## Working data
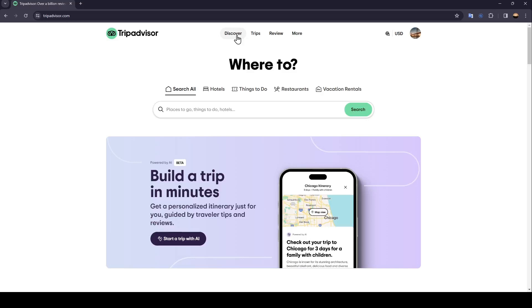Hello everyone, and welcome back to a new video. In this video, I'm going to show you how you can add photos to TripAdvisor. So if you want to learn how to do it, just follow the steps that I'm going to show you.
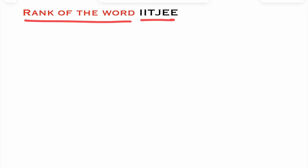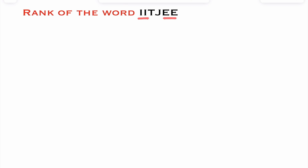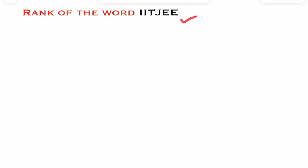We need to find the rank of the word IITJE. If you observe this word, two I's are alike and two E's are alike. That means I is repeated two times and E is repeated two times. In earlier classes, we already learned how to find the rank of a word when letters are not repeated. Here, letters of the word are repeated.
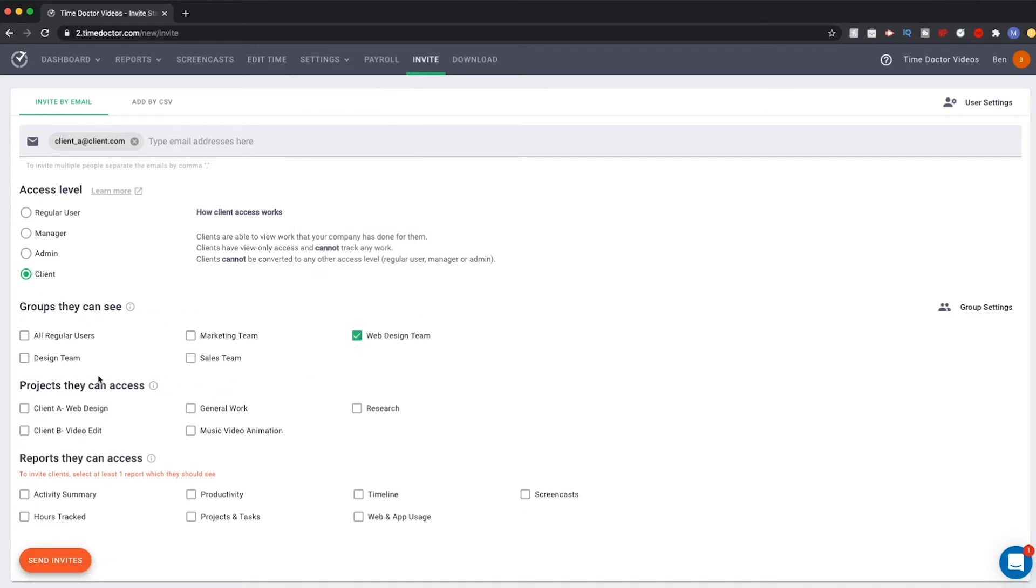Then, move on to the Projects area. It may be that you want your client to be able to view the project or tasks that you are doing for them. If this is the case, select the project to give your client access.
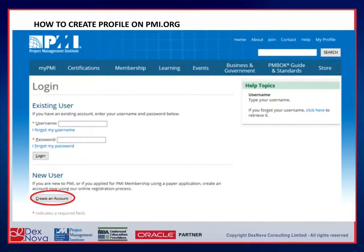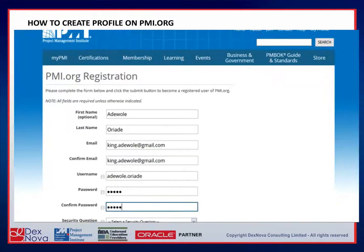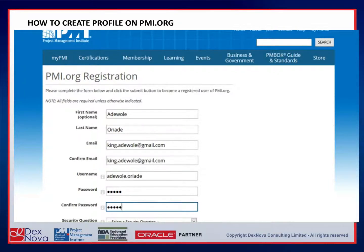Then click on the create an account button to fill in your details. When filling your details, your first name is optional but you are advised to fill it. All other fields are mandatory to create your profile. If you have filled in all your details, click on the submit button to create your profile.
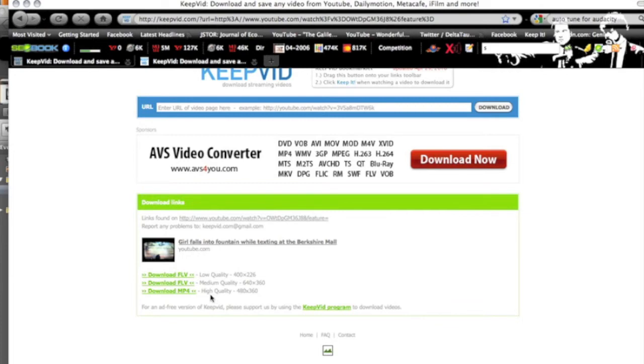So just thought I'd put that out there for people. If you have any questions or comments about downloading YouTube videos, please leave them in the comment box below.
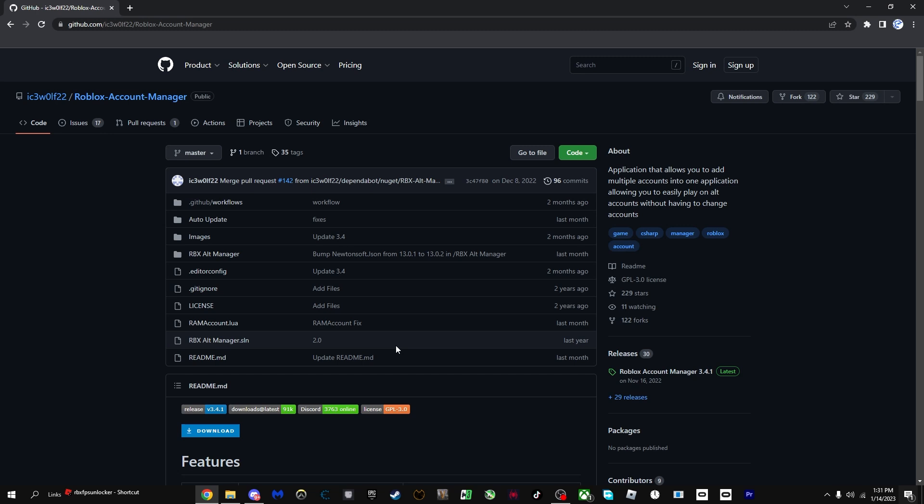Yo, what is up guys, today we're back in another video and today we're going to be talking about how you can download Roblox Account Manager. Roblox Account Manager is an application where you can use multiple Roblox accounts on one computer without having to use different devices. This tool is super helpful for those Pet Simulator X grinders who are trying to get a huge. I feel your pain, and Blox Fruits and many more games.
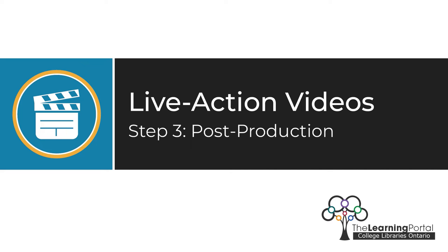Live Action Videos Step 3: Post-production. There are many free apps you can use to edit your video.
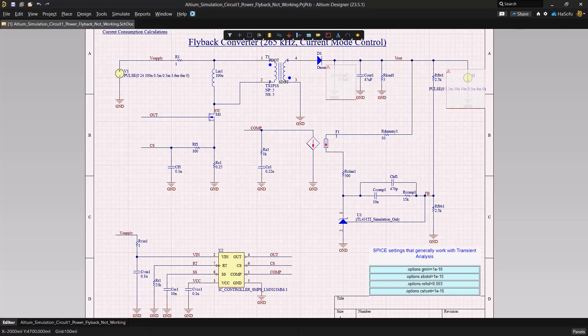Hello, today we dive deep into the realm of power circuits, specifically focusing on a widely utilized circuit, the flyback converter. Known for its efficiency and adaptability, the flyback converter can pose some challenges during setup for simulation. In this video, we'll uncover these common hiccups and learn how to troubleshoot them effectively. Let's delve right in.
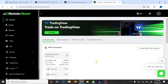Hi traders, I hope you guys are doing well. In this video we are going to learn how we can connect an IC Markets trading account with MT5. So let's start. First we need to make an account in IC Markets.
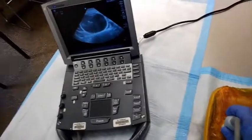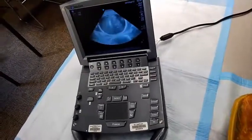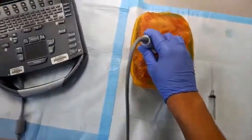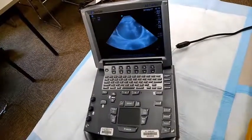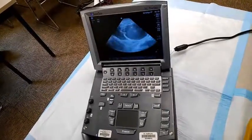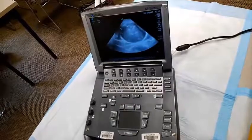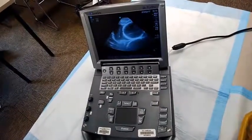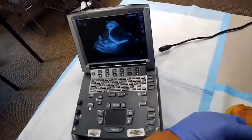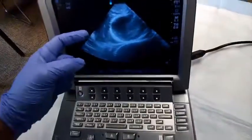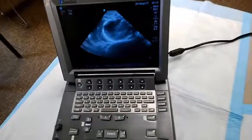Using this model, say we want to get a pericardiocentesis using the parasternal long view — we're looking for our area of greatest fluid dependence. If I have to go down a rib space, you're right around here. Just like you would in a parasternal long, I'm looking at the screen; here is where my probe is, and this would be the area of interest where I want to get some fluid taken off.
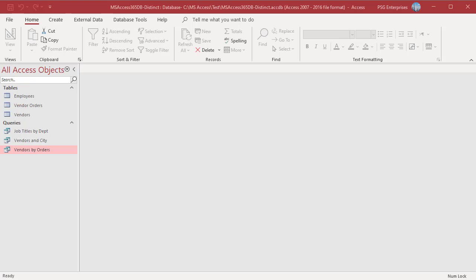To be included in the results of the query, combined values of the fields listed in the SELECT statement must be unique.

## Task objective
Please return only the lines from the top of the data through the line with "We need to find", exactly as written, and drop every picture.

## Your solution
Hello everyone, and welcome back to a new video. In this video, I'm going to show you how you can add photos to TripAdvisor. So if you want to learn how to do it, just follow the steps that I'm going to show you.
We need to find the rank of the word IITJE. If you observe this word, two I's are alike and two E's are alike. That means I is repeated two times and E is repeated two times. In earlier classes, we already learned how to find the rank of a word when letters are not repeated. Here, letters of the word are repeated.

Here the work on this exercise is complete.